Scan the entries below and return each line that contains "Road".

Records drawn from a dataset
□ □ □ □ □

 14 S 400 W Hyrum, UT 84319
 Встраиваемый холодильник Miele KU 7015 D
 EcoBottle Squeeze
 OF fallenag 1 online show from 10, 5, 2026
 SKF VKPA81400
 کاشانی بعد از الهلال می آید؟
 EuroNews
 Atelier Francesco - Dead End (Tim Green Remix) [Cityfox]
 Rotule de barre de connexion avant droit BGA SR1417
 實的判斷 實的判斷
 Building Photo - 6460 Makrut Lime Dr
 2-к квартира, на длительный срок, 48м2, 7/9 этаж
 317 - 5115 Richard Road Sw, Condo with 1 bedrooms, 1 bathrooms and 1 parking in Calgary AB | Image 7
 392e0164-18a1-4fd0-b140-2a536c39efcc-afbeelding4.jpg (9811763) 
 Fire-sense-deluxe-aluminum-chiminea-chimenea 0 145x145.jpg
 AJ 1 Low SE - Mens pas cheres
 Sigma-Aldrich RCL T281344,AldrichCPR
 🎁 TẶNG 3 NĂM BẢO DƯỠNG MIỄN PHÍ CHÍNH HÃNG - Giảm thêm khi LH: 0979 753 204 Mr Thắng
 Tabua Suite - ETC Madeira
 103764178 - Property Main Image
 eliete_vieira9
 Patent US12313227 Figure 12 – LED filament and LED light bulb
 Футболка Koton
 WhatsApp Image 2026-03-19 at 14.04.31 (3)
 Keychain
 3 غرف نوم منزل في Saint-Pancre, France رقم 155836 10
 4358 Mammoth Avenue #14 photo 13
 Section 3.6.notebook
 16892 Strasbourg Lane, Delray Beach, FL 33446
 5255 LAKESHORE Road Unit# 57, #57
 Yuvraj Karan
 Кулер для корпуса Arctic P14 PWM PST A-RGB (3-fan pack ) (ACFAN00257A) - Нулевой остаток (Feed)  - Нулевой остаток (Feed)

□ □ □ □ □

Answer to this exercise>
 317 - 5115 Richard Road Sw, Condo with 1 bedrooms, 1 bathrooms and 1 parking in Calgary AB | Image 7
 5255 LAKESHORE Road Unit# 57, #57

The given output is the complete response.